:: SUPPLIED DATA

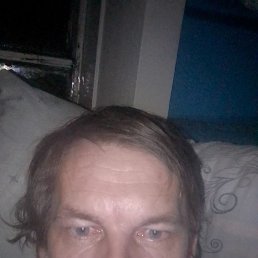 ���� �����������, 38 ���, �����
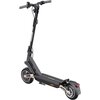 Hulajnoga elektryczna NAVEE ST3 Pro 75km 500W 2 amortyzatory 10" Czarny Rozmiar kół [cale] 10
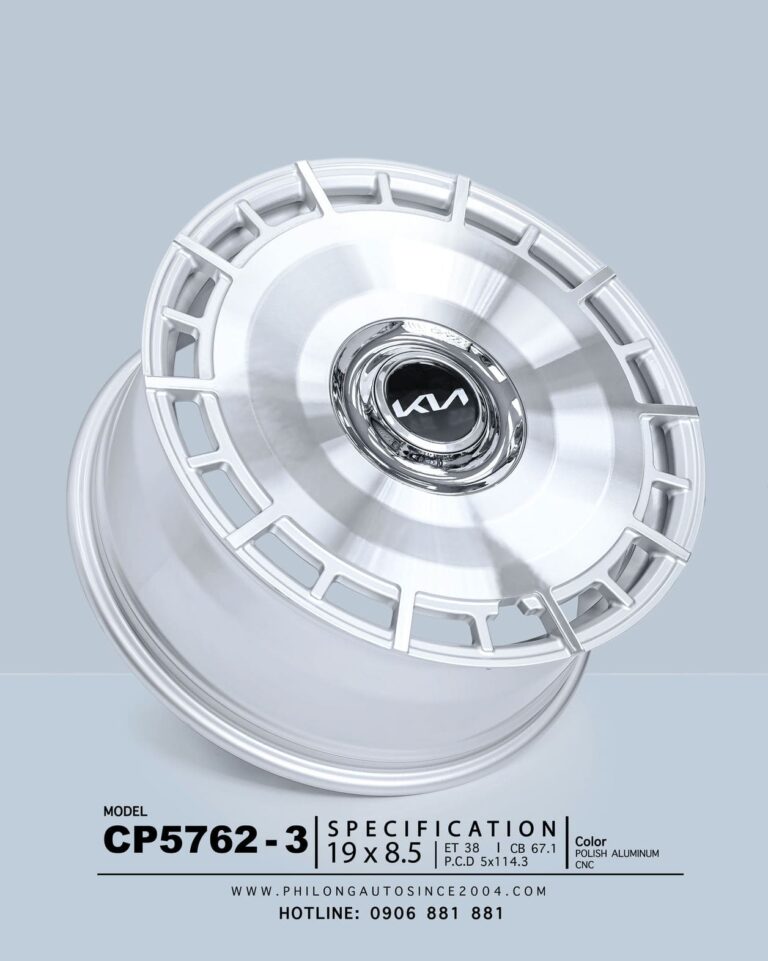 MÂM MẪU CP5762 - 3 19 (3)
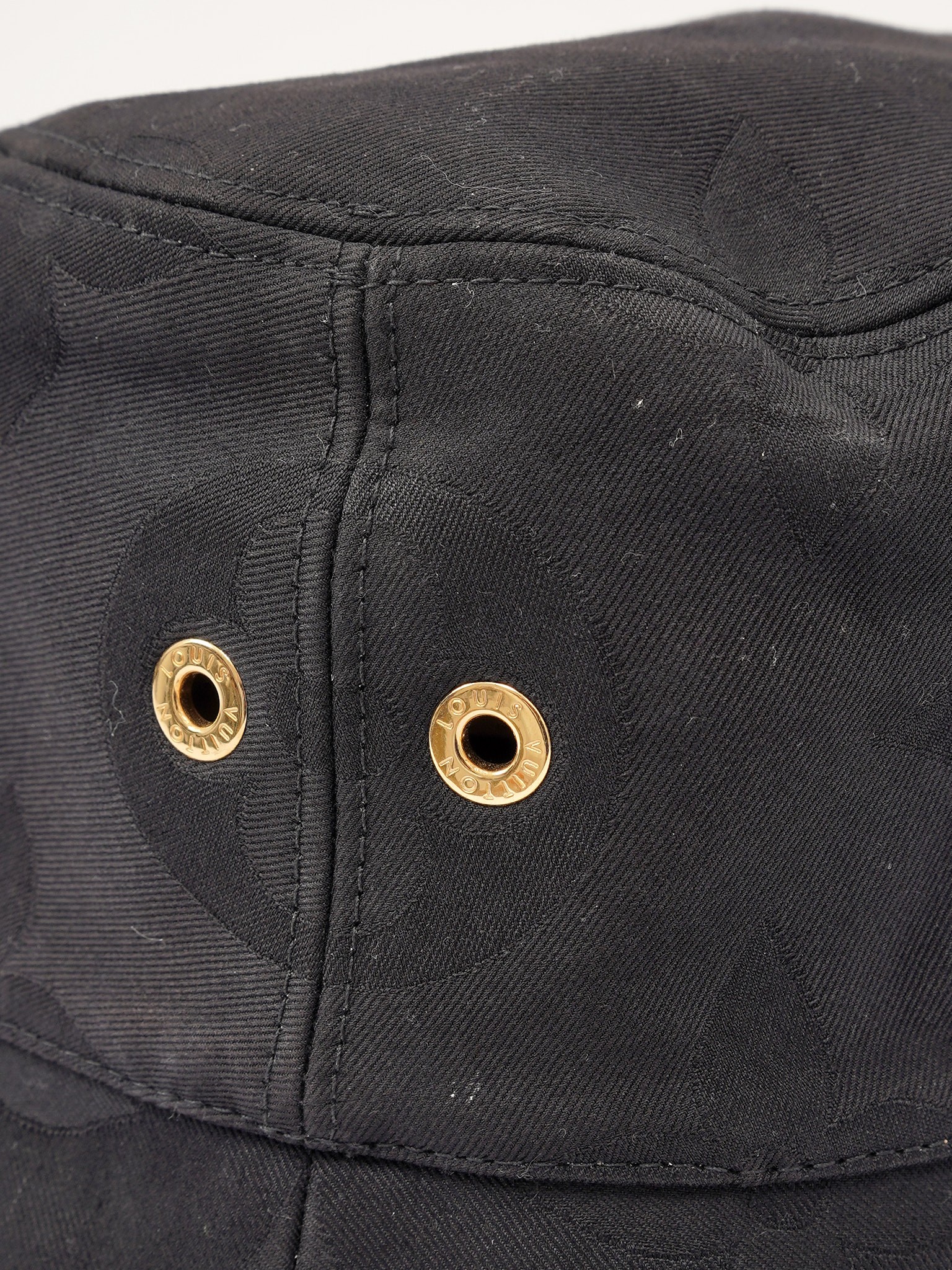 Louis Vuitton Hat 4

::::

### EXERCISE DETAILS
Once you find the line that contains "Hulajnoga elektryczna NAVEE", give it again along with every later line through the end of the data, word for word, minus the pictures.

### YOUR SOLUTION
 Hulajnoga elektryczna NAVEE ST3 Pro 75km 500W 2 amortyzatory 10" Czarny Rozmiar kół [cale] 10
 MÂM MẪU CP5762 - 3 19 (3)
 Louis Vuitton Hat 4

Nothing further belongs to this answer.